Venue: ESRI, Whitaker Square, Sir John Rogerson’s Quay, Dublin 2
Professor Stewart will discuss three papers on behavioural science with mass transaction data.
Paper 1: Gathergood, J., Mahoney, N., Stewart, N., & Weber, J. (2017). How do individuals repay their debt? The balance-matching heuristic (available at SSRN: https://ssrn.com/abstract=3000526)
We study how individuals repay their debt using linked data on multiple credit cards from five major issuers. We find that individuals do not allocate repayments to the higher interest rate card, which would minimize the cost of borrowing. Instead, individuals allocate repayments using a balance-matching heuristic under which the share of repayments on each card is matched to the share of balances on each card. We show that balance matching captures more than half of the predictable variation in repayments, performs substantially better than other models, and is highly persistent within individuals over time. Consistent with these findings, we show that machine learning algorithms attribute the greatest variable importance to balances and the least variable importance to interest rates in predicting repayment behavior.

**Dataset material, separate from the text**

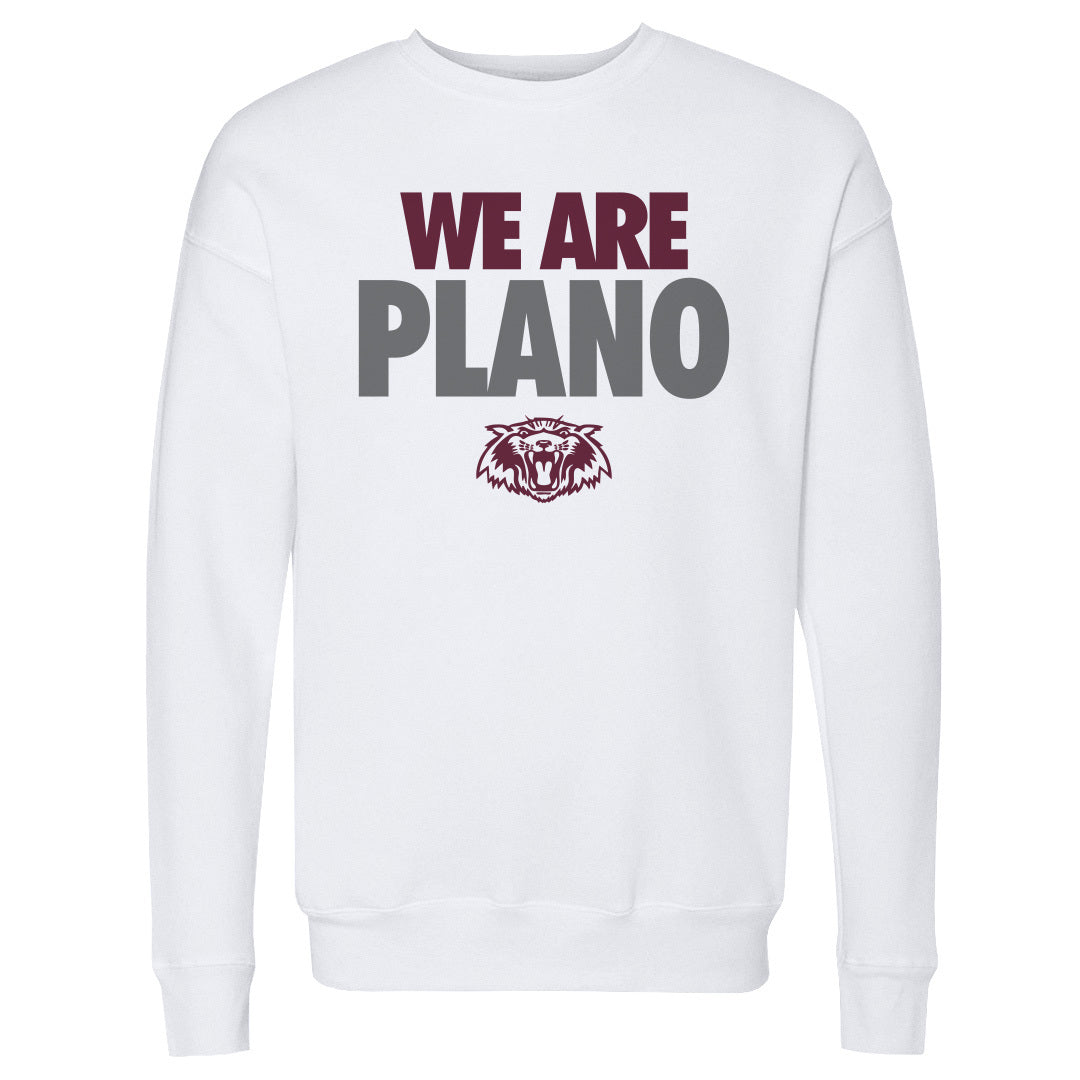 Plano Men's Crewneck Sweatshirt | 500 LEVEL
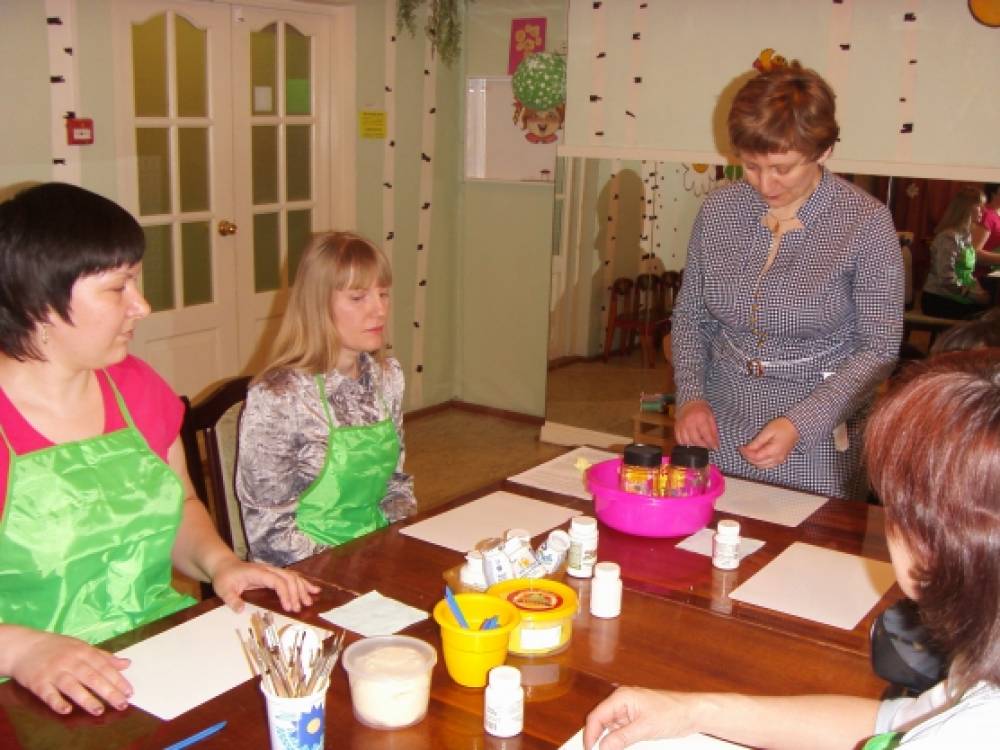 Поделки на конкурс воспитатель года Поделки на конкурс воспитатель года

Paper 2: Quispe-Torreblanca, E., Stewart, N., Gathergood, J., & Loewenstein, G. (2017). The red, the black, and the plastic: Paying down credit card debt for hotels not sofas (available at SSRN: https://ssrn.com/abstract=3037416)

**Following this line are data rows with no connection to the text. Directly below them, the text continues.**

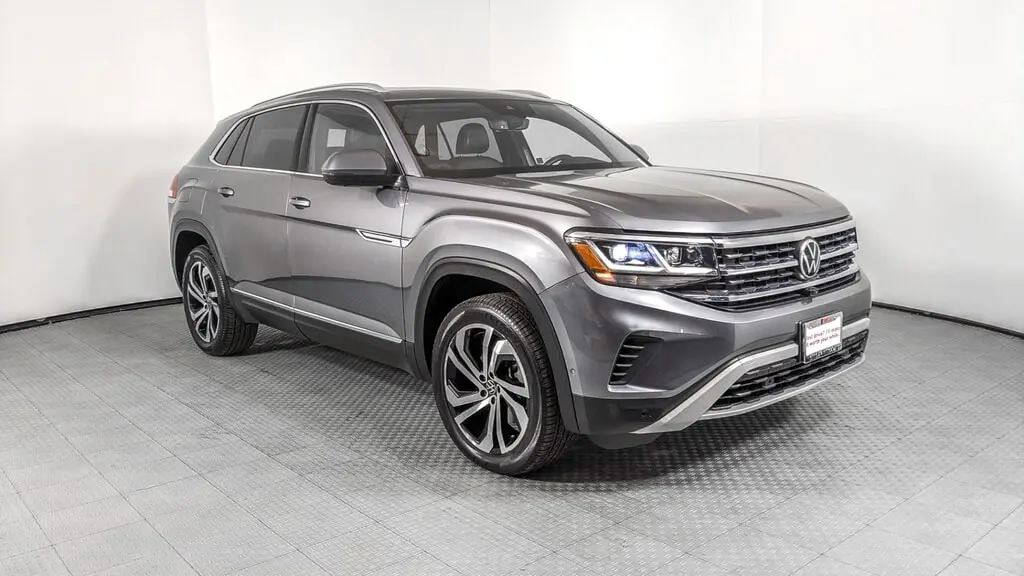 Florida Fine Cars - Used VOLKSWAGEN ATLAS CROSS SPORT 2021 ORLANDO 2.0T SEL PREMIUM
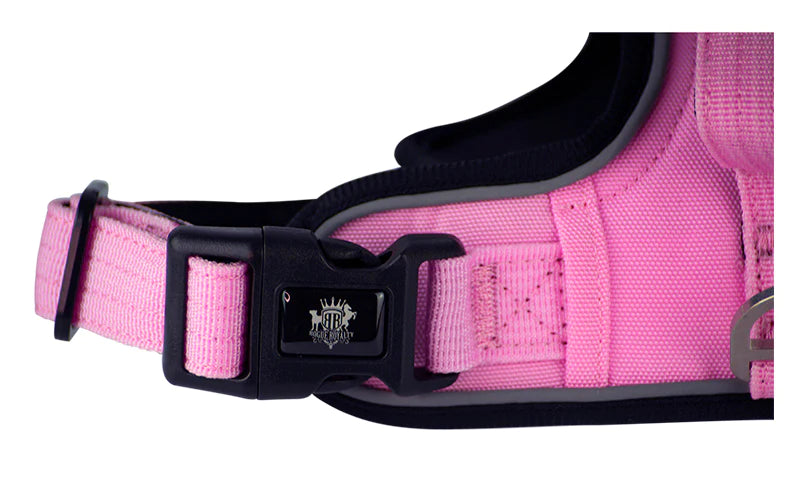 Active-X Dog Harness Pink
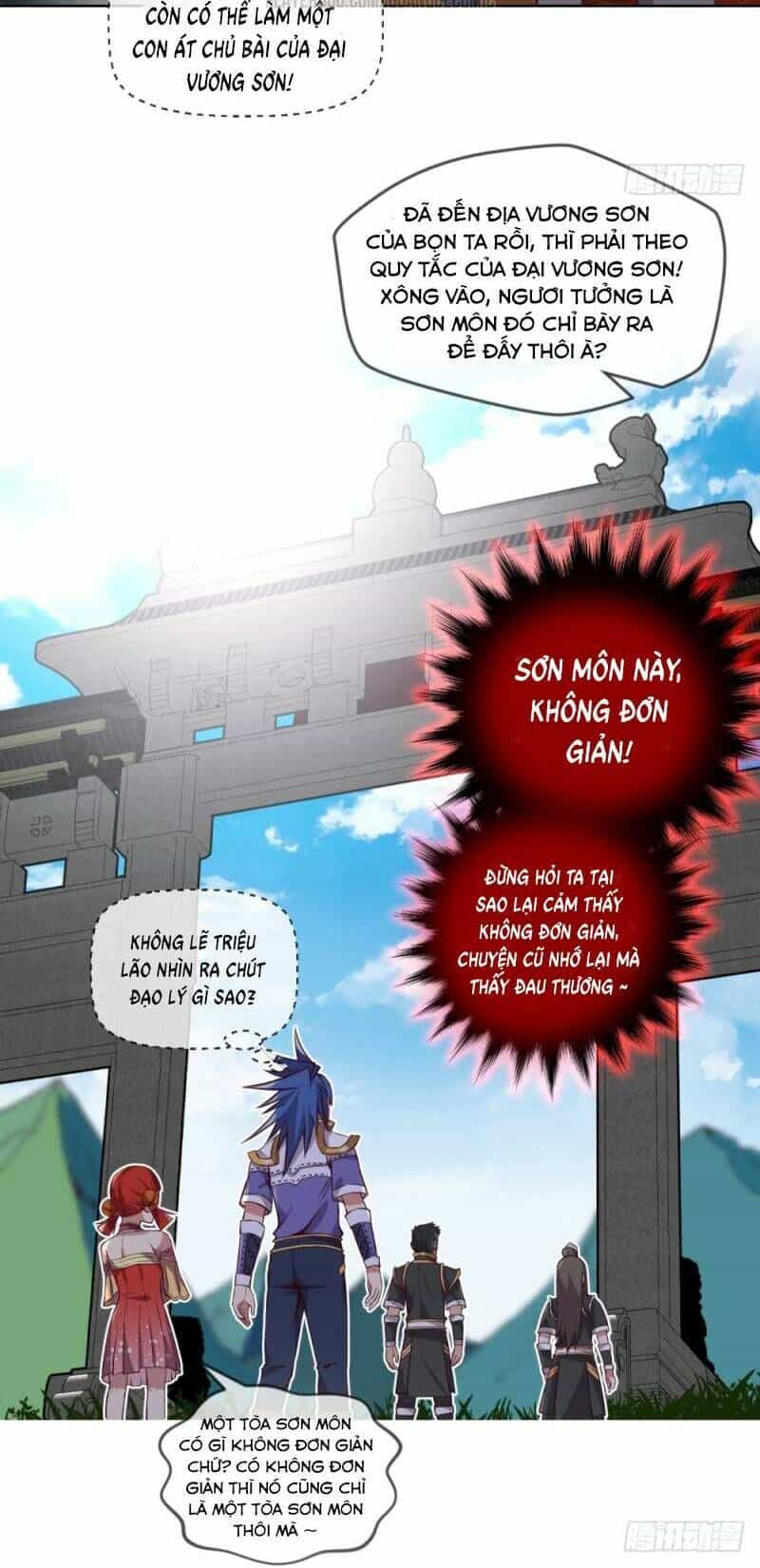 Chiếm Cái Đỉnh Núi Làm Đại Vương - Chương 30 - ảnh 6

Using transaction data from a sample of 1.8 million credit card accounts, we provide the first field test of a major prediction of Prelec and Loewenstein’s (1998) theory of mental accounting. The prediction is that consumers will pay off expenditure on transient forms of consumption more quickly than expenditure on durables. According to the theory, this is because the pain of paying can be offset by the future anticipated pleasure of consumption only when money is spent on consumption that endures over time. Consistent with the prediction, we found that repayment of debt incurred for non-durable goods is an absolute 9% more likely than repayment of debt incurred for durable goods. The size of this effect is comparable to an increment in 15 percentage points in the credit card APR.
Paper 3: Sakaguchi, H., Stewart, N., & Walasek, L. (2017). Selling winners or losers: Two-stage decision making and the disposition effect in stock trading (available at SSRN: https://ssrn.com/abstract=3053331)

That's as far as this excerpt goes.